Shi Gen, Zhu Yifan, Liu Jian K, Li Xuesong
IEEE Trans Neural Netw Learn Syst. 2024 Oct;35(10):13914-13925. doi: 10.1109/TNNLS.2023.3273255. Epub 2024 Oct 7.
Representation learning in heterogeneous graphs with massive unlabeled data has aroused great interest. The heterogeneity of graphs not only contains rich information, but also raises difficult barriers to designing unsupervised or self-supervised learning (SSL) strategies. Existing methods such as random walk-based approaches are mainly dependent on the proximity information of neighbors and lack the ability to integrate node features into a higher-level representation. Furthermore, previous self-supervised or unsupervised frameworks are usually designed for node-level tasks, which are commonly short of capturing global graph properties and may not perform well in graph-level tasks. Therefore, a label-free framework that can better capture the global properties of heterogeneous graphs is urgently required. In this article, we propose a self-supervised heterogeneous graph neural network (GNN) based on cross-view contrastive learning (HeGCL). The HeGCL presents two views for encoding heterogeneous graphs: the meta-path view and the outline view. Compared with the meta-path view that provides semantic information, the outline view encodes the complex edge relations and captures graph-level properties by using a nonlocal block. Thus, the HeGCL learns node embeddings through maximizing mutual information (MI) between global and semantic representations coming from the outline and meta-path view, respectively. Experiments on both node-level and graph-level tasks show the superiority of the proposed model over other methods, and further exploration studies also show that the introduction of nonlocal block brings a significant contribution to graph-level tasks.

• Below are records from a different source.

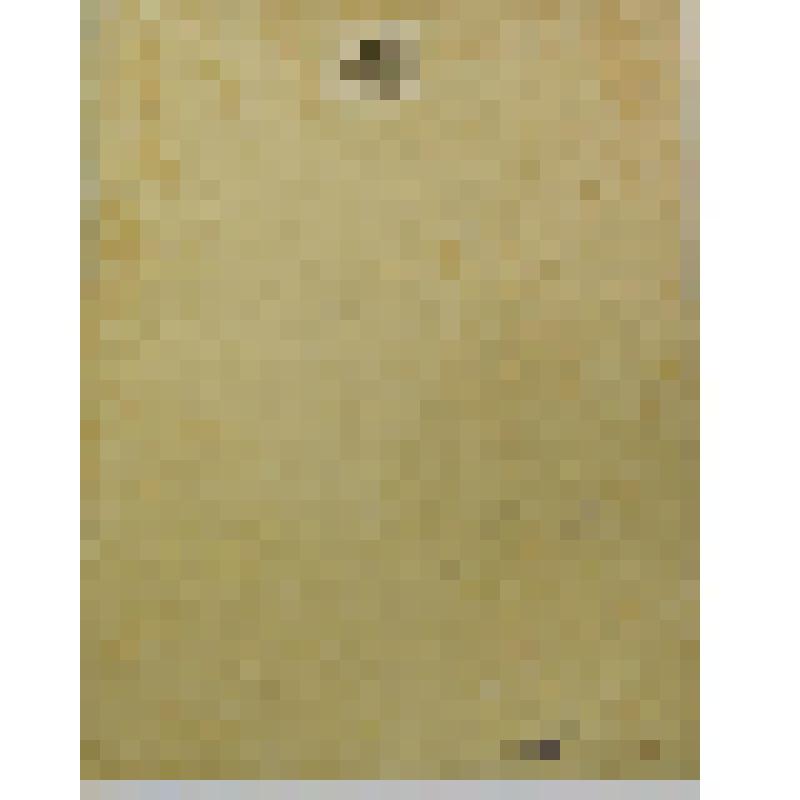 Мужской портрет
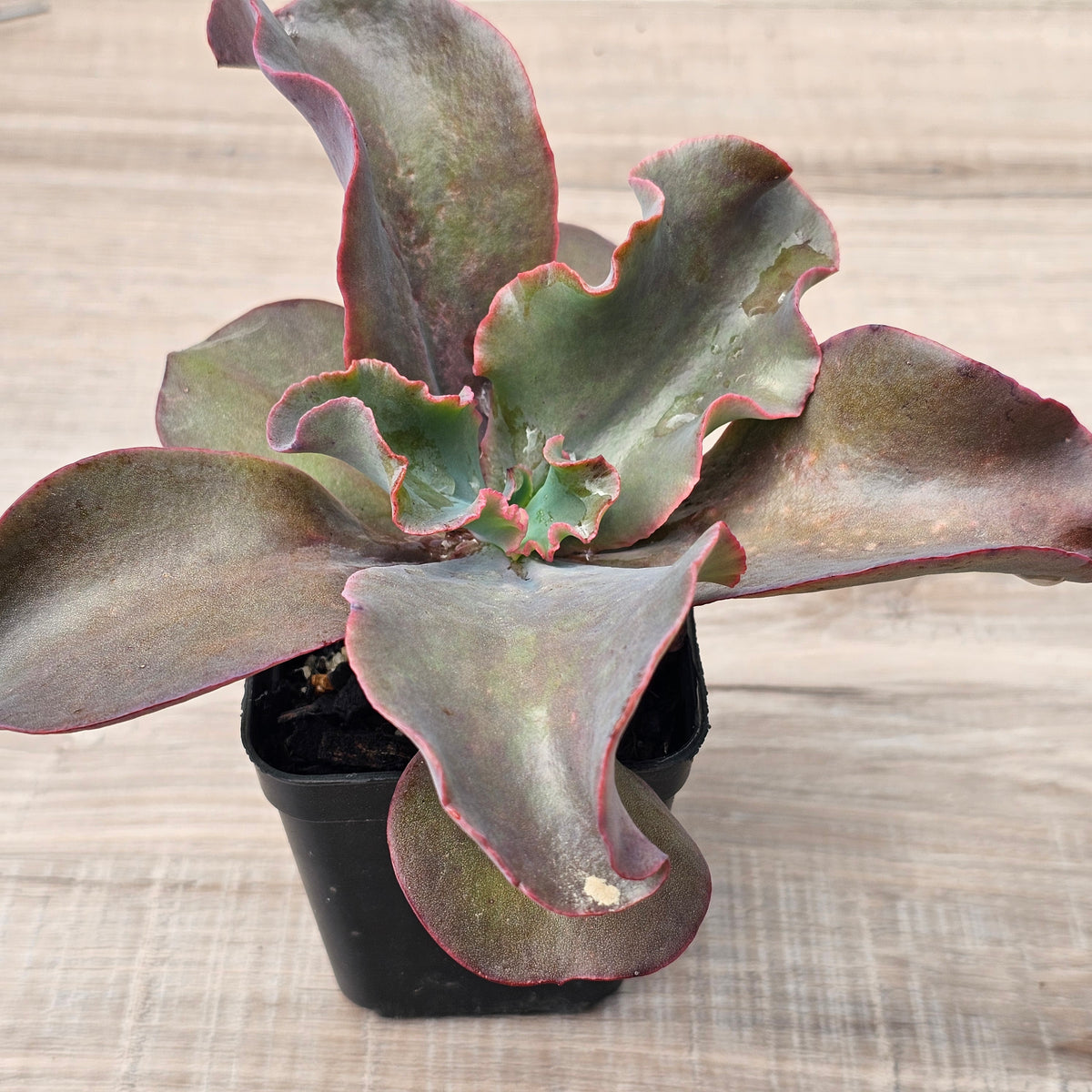 Echeveria Zorro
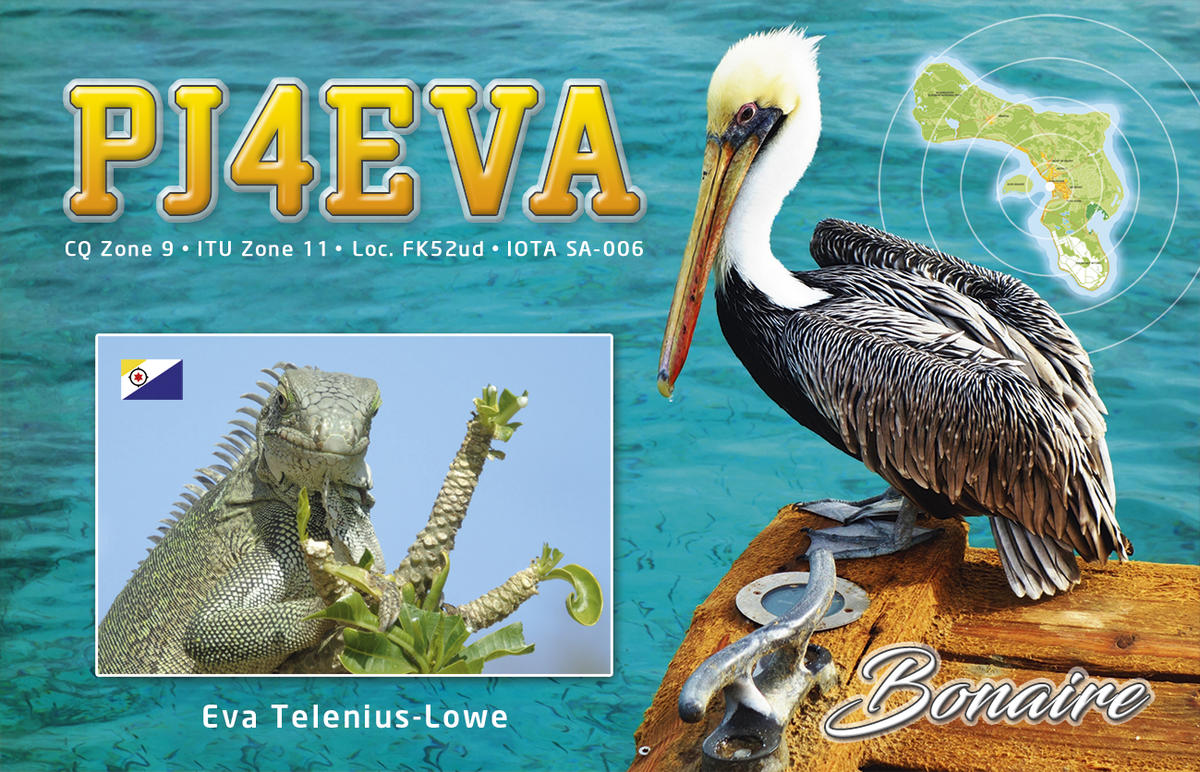 Primary Image for PJ4EVA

具有大量未标记数据的异构图中的表示学习引起了极大的关注。图的异质性不仅包含丰富的信息,也给无监督或自监督学习(SSL)策略的设计带来了困难。现有的方法,如基于随机游走的方法,主要依赖于邻居的近邻信息,缺乏将节点特征整合到更高层次表示的能力。此外,以前的自监督或无监督框架通常是为节点级任务设计的,通常缺乏捕获全局图属性的能力,并且在图级任务中可能表现不佳。因此,迫切需要一个能够更好地捕获异构图全局属性的无标签框架。在本文中,我们提出了一种基于交叉视图对比学习的自监督异构图神经网络(GNN)(HeGCL)。HeGCL提出了两种对异构图进行编码的视图:元路径视图和轮廓视图。与提供语义信息的元路径视图相比,轮廓视图通过使用非局部块对复杂的边关系进行编码并捕获图级属性。因此,HeGCL通过分别最大化来自轮廓视图和元路径视图的全局和语义表示之间的互信息(MI)来学习节点嵌入。在节点级和图级任务上的实验表明,所提出的模型优于其他方法,进一步的探索研究还表明,非局部块的引入对图级任务有显著贡献。